_The data_
━━━━━━
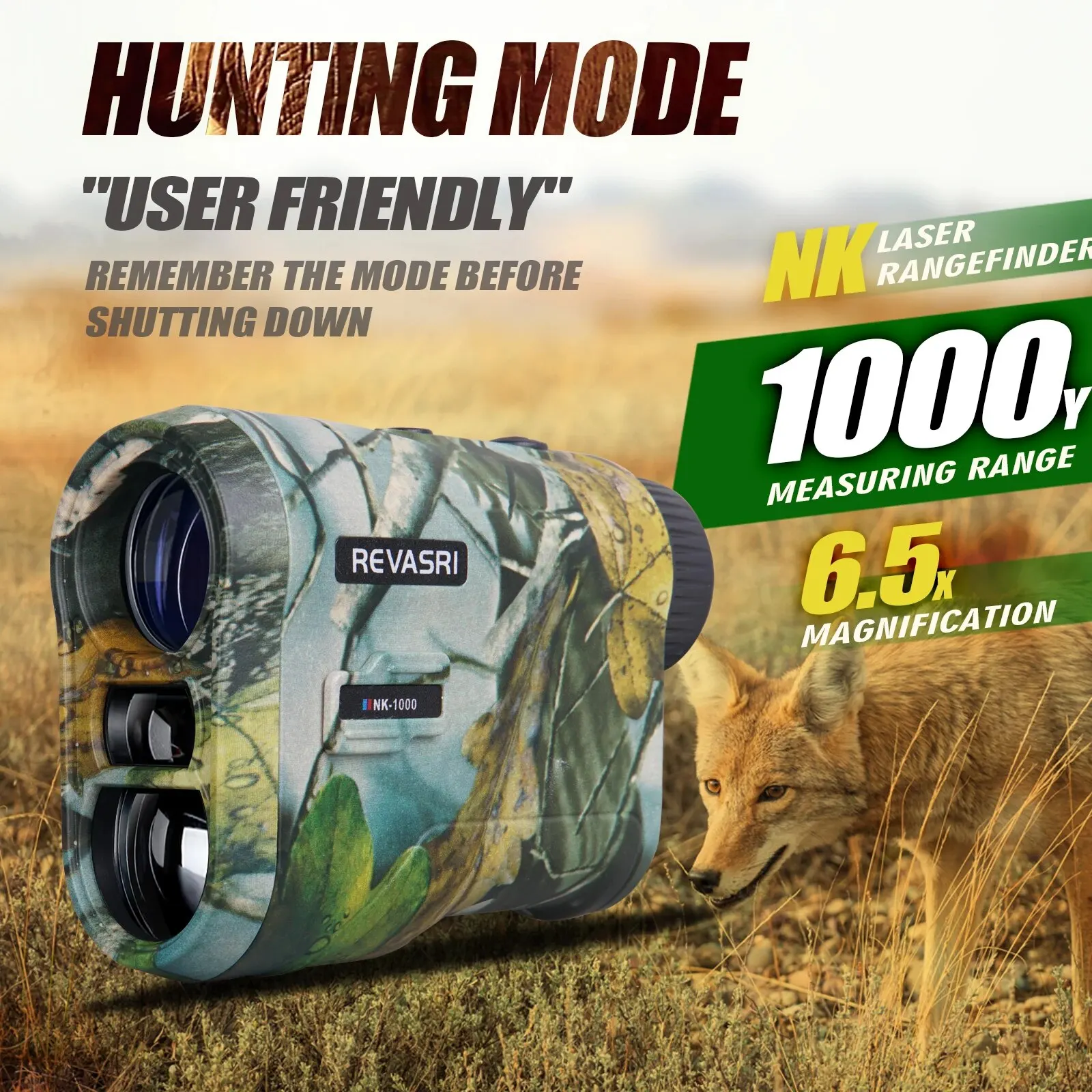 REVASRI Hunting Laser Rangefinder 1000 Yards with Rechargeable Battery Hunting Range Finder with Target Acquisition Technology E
━━━━━━
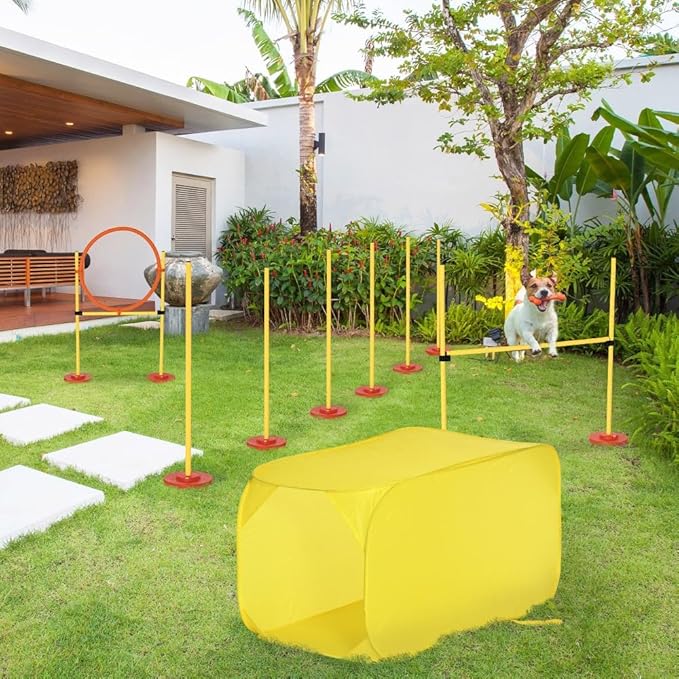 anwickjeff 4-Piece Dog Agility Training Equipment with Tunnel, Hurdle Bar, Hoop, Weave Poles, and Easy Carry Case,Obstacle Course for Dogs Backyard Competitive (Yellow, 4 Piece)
━━━━━━
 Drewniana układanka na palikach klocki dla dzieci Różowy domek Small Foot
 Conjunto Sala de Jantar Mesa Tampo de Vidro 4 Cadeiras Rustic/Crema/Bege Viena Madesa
━━━━━━
Only the lines above from the one with "Drewniana układanka na" up to and including the one with "Conjunto Sala de" should be repeated, exactly as written.

_Finished exercise_
 Drewniana układanka na palikach klocki dla dzieci Różowy domek Small Foot
 Conjunto Sala de Jantar Mesa Tampo de Vidro 4 Cadeiras Rustic/Crema/Bege Viena Madesa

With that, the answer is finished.